Can not get CUDA python backtrace

Hello everyone! Documents says nsys can get CUDA python backtrace like:

However, when using nsys myself, I can only see python frames with no other detail like:

So what should I do?
I use remote profile on nsys 2023.2.1Windows-x64, target is on linux, with python3.9 and CUDA11.1.

How did you launch Nsys? You have to use the -cudabacktrace option:

--cudabacktrace	

Options: all, none, kernel, memory, sync, other
Default:none

When tracing CUDA APIs, enable the collection of a backtrace when a CUDA API is invoked. Significant runtime overhead may occur. Values may be combined using ‘,’. Each value except ‘none’ may be appended with a threshold after ‘:’. Threshold is duration, in nanoseconds, that CUDA APIs must execute before backtraces are collected, e.g. ‘kernel:500’. Default value for each threshold is 1000ns (1us). Note: CPU sampling must be enabled. Note: Not available on IBM Power targets.

Thanks for your reply! In fact I use nsys gui:


Any problem? Should I enable “collect python backtrace samples”? However if I enable it, everytime I try to open the nsys report, the nsys gui crash immediately.

And I found that if I use nsys cli on target system instead of remote Windows gui like:
nsys profile -w true -t cuda,nvtx,osrt,cudnn,cublas -s cpu -o nsight_report -f true --cudabacktrace=true -x true python3.9 main.py
I can get some backtrace details like:

So is there something wrong about remote profile?

Initially since you said you were calling from the GUI I thought maybe you needed to ask for process-tree wide analysis, but you have done that.

You don’t need python backtraces, that is python runtime sampling, which isn’t what you are looking for here.

@rknight do you have any suggestions?

okay, something is even more strange…
Just now, I try to profile a deep learning application with python multi-thread, still using nsys on my Windows PC and target on Linux(i.e. remote mode). And with “Collect CUDA Backtrace”:

the report shows CUDA python backtrace now! But an warning occured:


And I cannot get any CUDA kernel info:

However, without “Collect CUDA Backtrace”, everything seemed to be fine:

I used to enable a lot of profile options, such as osrt, cudnn, backtrace… because I think sometimes they may be useful and they donot bring too much overhead. Now I think if I find the report unexplainable in the future, I will only enable “collect CUDA trace”, “collect CPU IP/backtrace samples”, which may solve a lot of strange problems, and then enable other options one-by-one to see what causes the problem.

This sounds like a bug in nsys to me. @dofek Can you take a look?

Sounds like another bug :-(.

tangweikai420, would it be possible to get access to your workload so we can reproduce this issue and hopefully fix it?
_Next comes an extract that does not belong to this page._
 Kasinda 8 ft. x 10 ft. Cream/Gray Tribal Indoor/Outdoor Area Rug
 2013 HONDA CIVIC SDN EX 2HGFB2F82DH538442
Thanks for your reply! I would like to share my workload.
My workload depends on a DL framework called DGL, and the python multi-thread usage is here. In short, everytime the DataLoader init, it will create a separate thread for data processing and transfer.
Here is the code:

import dgl
import torch
from ogb.nodeproppred import DglNodePropPredDataset

dataset = DglNodePropPredDataset('ogbn-arxiv')
device = 'cuda:0'

graph, node_labels = dataset[0]
graph = dgl.add_reverse_edges(graph)
graph.ndata['label'] = node_labels[:, 0]

node_features = graph.ndata['feat']
num_features = node_features.shape[1]
num_classes = (node_labels.max() + 1).item()

idx_split = dataset.get_idx_split()
train_nids = idx_split['train']
valid_nids = idx_split['valid']
test_nids = idx_split['test']

sampler = dgl.dataloading.NeighborSampler([4, 4], prefetch_node_feats=['feat'], prefetch_labels=['label'])
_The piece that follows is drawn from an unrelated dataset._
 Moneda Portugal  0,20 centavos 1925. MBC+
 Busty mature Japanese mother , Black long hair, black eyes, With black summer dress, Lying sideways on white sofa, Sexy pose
train_dataloader = dgl.dataloading.DataLoader(
    # The following arguments are specific to DGL's DataLoader.
    graph,              # The graph
    train_nids,         # The node IDs to iterate over in minibatches
    sampler,            # The neighbor sampler
    device=device,      # Put the sampled MFGs on CPU or GPU
    # The following arguments are inherited from PyTorch DataLoader.
    batch_size=1024,    # Batch size
    shuffle=True,       # Whether to shuffle the nodes for every epoch
    drop_last=False,    # Whether to drop the last incomplete batch
    num_workers=0,       # Number of sampler processes
)

import torch.nn as nn
import torch.nn.functional as F
from dgl.nn.pytorch import SAGEConv

class Model(nn.Module):
    def __init__(self, in_feats, h_feats, num_classes):
        super(Model, self).__init__()
        self.conv1 = SAGEConv(in_feats, h_feats, aggregator_type='mean')
        self.conv2 = SAGEConv(h_feats, num_classes, aggregator_type='mean')
        self.h_feats = h_feats

    def forward(self, mfgs, x):
        h_dst = x[:mfgs[0].num_dst_nodes()]
        h = self.conv1(mfgs[0], (x, h_dst))
        h = F.relu(h)
        h_dst = h[:mfgs[1].num_dst_nodes()]
        h = self.conv2(mfgs[1], (h, h_dst))
        return h

model = Model(num_features, 128, num_classes).to(device)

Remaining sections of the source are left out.